As it happens, the link between Tin Toy and the Toy Story franchise runs a little deeper than the fact that they both concern toys. As Jim Hill has explained at some length, Tin Toy was originally going to be turned into a Christmas-themed TV special, but the concept was shelved because it would have cost too much to produce; a year or two later, however, an opportunity arose for Pixar to make its first feature film, so the concept was dusted off and gradually transformed into the Toy Story that we now all know and love.

So, whenever my kids and I watch the Toy Story movies, I like to start with Tin Toy — partly because I have very fond memories of seeing it on the big screen at animation festivals back in the late ’80s, but also partly because I have a theory that the baby in Tin Toy is identical to the boy named Andy that we see in the Toy Story movies.

True, we do not see any of the other Toy Story characters in Tin Toy, but given how incredibly young the baby is here, there would certainly be time for him to accumulate new playthings by the time Toy Story takes place. In fact, even though Toy Story 2 revealed that Woody is an heirloom or hand-me-down who has been around since the 1950s (which begs the question of when and how Woody’s memory got wiped, but that’s a subject for another post), the original Toy Story specifies that Woody has only been Andy’s favorite toy “since kindergarten”. So presumably Woody and many of the other toys wouldn’t have been a part of Andy’s life just yet.
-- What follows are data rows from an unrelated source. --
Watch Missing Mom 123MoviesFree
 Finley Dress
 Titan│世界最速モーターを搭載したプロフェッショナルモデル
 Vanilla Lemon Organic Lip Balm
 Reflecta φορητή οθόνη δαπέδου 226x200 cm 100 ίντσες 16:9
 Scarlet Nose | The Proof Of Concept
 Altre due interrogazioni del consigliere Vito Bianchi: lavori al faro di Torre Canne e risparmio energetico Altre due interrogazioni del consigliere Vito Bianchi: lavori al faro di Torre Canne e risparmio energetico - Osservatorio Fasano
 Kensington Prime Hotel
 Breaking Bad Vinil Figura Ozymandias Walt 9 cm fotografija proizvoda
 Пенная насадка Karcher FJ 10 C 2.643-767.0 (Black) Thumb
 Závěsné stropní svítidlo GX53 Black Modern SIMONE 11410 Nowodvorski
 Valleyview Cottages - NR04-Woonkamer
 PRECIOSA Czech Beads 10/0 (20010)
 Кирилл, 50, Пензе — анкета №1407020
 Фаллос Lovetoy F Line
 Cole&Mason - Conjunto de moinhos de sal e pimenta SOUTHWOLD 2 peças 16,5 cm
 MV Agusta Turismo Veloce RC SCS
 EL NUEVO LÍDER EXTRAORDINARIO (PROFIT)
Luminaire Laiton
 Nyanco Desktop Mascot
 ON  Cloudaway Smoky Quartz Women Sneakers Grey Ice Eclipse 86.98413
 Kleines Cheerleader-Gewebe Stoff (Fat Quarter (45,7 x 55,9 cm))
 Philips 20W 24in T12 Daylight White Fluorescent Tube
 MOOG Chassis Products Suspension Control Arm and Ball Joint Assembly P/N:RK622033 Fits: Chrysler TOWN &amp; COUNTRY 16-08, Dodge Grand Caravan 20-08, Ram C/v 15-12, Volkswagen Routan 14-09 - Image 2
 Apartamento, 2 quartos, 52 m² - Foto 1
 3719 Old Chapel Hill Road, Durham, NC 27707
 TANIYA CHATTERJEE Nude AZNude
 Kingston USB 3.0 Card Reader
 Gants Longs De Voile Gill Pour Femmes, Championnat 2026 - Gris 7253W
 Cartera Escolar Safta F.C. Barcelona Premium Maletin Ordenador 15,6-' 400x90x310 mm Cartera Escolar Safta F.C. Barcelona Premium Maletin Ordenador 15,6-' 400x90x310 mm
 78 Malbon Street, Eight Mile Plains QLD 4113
In any case, Toy Story 3, as you can see from the trailer above, is partly about how Andy has grown up and is about to go to college; it is, in other words, about how Andy, the boy from the previous films, is now on the verge of manhood. So I like to think that Tin Toy takes us back to his earliest days and gives us an even better look at how the child — the infant — has become the man. The movies have played very strongly on the notion that Andy loves his toys, but it is worth remembering that even he, too, was no doubt a threat to them once. Things change. People change. And the love that people have for things changes as they grow.